El descaro de la película toca su cénit cuando su hermana le dice a Rosa He sido una egoísta. ¡Y se lo dice a alguien que se va a casar consigo misma! ¡A alguien que va a abandonar a su padre por haberlo cuidado durante dos años! Considera que el resto de la vida de su padre, probablemente los años que más cuidados necesite, los pueden hacer solos sus otros dos hermanos. De los cuales una es alcohólica. Drama que la película trata con una ligereza casi criminal.

Otro drama social que la película olvida por completo es la soledad del padre. Los hermanos lo tratan como si fuera un perro que hay que cuidar. Por lo que vemos es un hombre bastante válido. Si está yendo de casa en casa, es porque necesitará algún tipo de ayuda psicológica o trato con su familia. Pero para la película eso no es importante, lo importante es que Rosa ha conseguido quitarse esa carga de encima. Por lo que vemos nunca ha puesto firmes a sus hermanos. En general nunca ha hecho nada para gestionar sus responsabilidades. La única forma que ha encontrado para que no la consuman es dejarlas de lado.

El drama con la hija es absolutamente desquiciado. O la hija es la persona con la piel más fina del mundo o hay un conflicto muy grande que no se nos ha contado. La hija le espeta a su madre que nada de lo que hace le parece bien. Tenemos que creernos nosotros que la madre juzga todas las acciones de su hija. ¿Lo hemos visto en algún momento? No. Y por tanto lo único que percibimos es a una chica joven con un proyecto aventurero fracasado y que culpa a su madre de que no le gusten sus planes.

Hay una reivindicación naíf donde las haya. La hija considera que todos los males de la familia se producen por falta de comunicación. ¡Hay asuntos mucho más graves abiertos!
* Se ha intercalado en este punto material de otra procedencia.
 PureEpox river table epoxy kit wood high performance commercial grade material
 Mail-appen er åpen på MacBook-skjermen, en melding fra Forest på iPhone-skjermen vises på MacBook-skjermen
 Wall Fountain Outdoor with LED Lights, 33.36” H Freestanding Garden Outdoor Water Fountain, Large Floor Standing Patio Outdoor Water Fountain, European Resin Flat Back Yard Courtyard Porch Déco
Para empezar la que ha reclamado antes que nadie el taller se asume que se lo va a quedar. En el punto donde se queda la trama sólo podemos esperar una discusión fuerte entre dos mujeres en paro y un hombre que tiene que pagar un divorcio. ¿Acaso va a ser la comunicación y no los abogados los que resuelvan la trifulca? Es cierto que Armando es un tipo que decide sin que nadie se lo haya pedido organizar todo. Pero alguien que tiene este impulso ¿no necesitará saber que está todo ya organizado? ¿Acaso Rosa no conoce a su hermano?

La escena final es agotadora. No podemos con el vaivén de decisiones de Rosa. Reivindicando la boda como necesaria para sí misma, después dejándola de lado. Y en el momento que más personas están involucradas decide que no lo va a hacer. Esto no cuadra para nada con el personaje. Es una persona llena de responsabilidades, asume encargos de todo el mundo a su alrededor. ¿No es capaz de hacer una parafernalia de 15 minutos para que su familia de Pamplona se quede tranquila? No tiene ningún sentido. Es una muestra de su recién descubierto egoísmo.

El formato del cuadro es un panorámico bastante acentuado. ¡Para un entorno urbano! Notamos perfectamente que hemos llegado a la escena de la playa porque es el único momento donde el cuadro funciona. El resto del tiempo nos faltan trozos de los rostros de los personajes en plano.